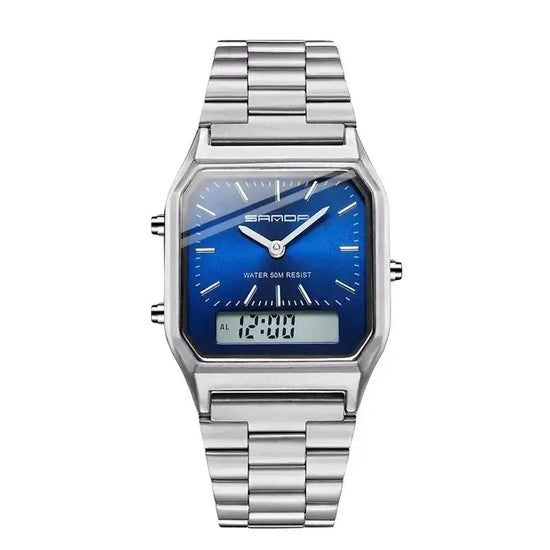Stainless Steel LED Digital Dual Display Clock Waterproof Sports Watch Inspirational Watches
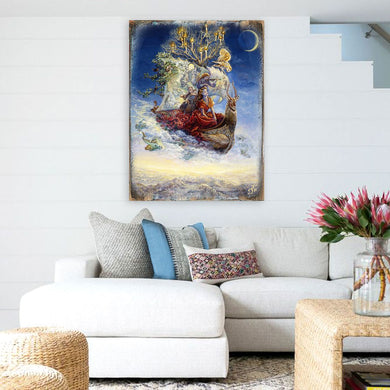 Ship of Dreams Fantasy Wooden Wall Art by Josephine Wall - Fantasy Decor - 852137-JW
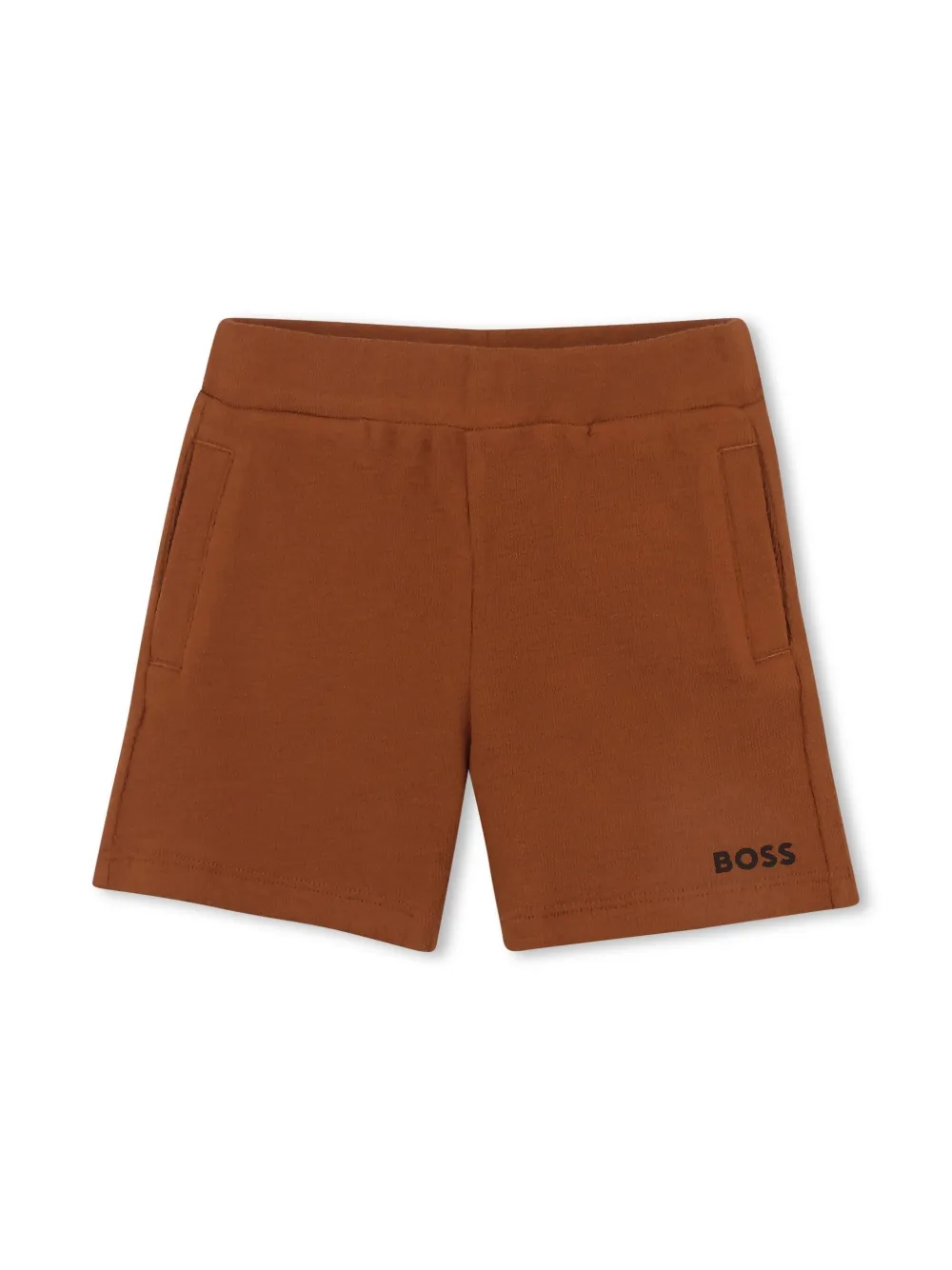 BOSS Kidswear T-shirt en shorts met logoprint Bruin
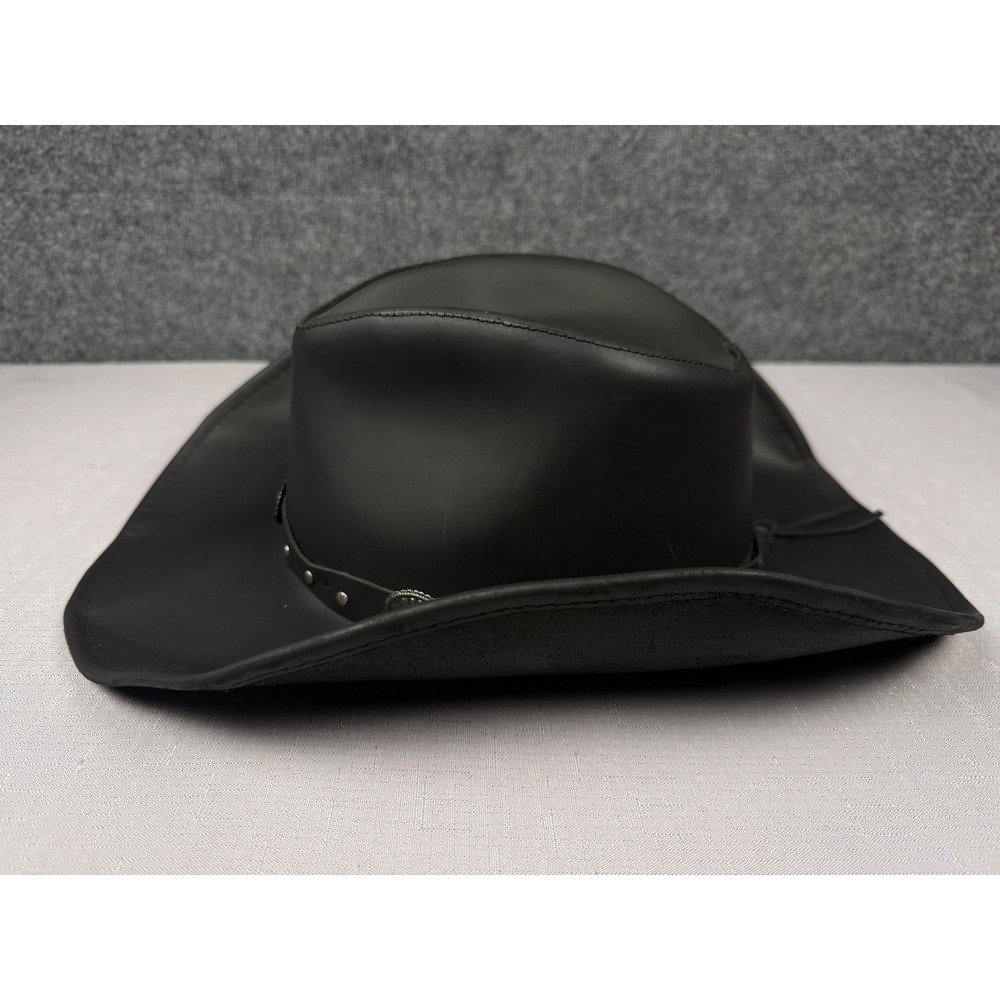 Stetson Rodeo Dr Collection Black Leather Cowboy Hat Studded Concho Large - Picture 3 of 13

● **Exercise instructions**:
This task asks for the data above repeated exactly, without a single picture.

● **Solved problem**:
Stainless Steel LED Digital Dual Display Clock Waterproof Sports Watch Inspirational Watches
 Ship of Dreams Fantasy Wooden Wall Art by Josephine Wall - Fantasy Decor - 852137-JW
 BOSS Kidswear T-shirt en shorts met logoprint Bruin
 Stetson Rodeo Dr Collection Black Leather Cowboy Hat Studded Concho Large - Picture 3 of 13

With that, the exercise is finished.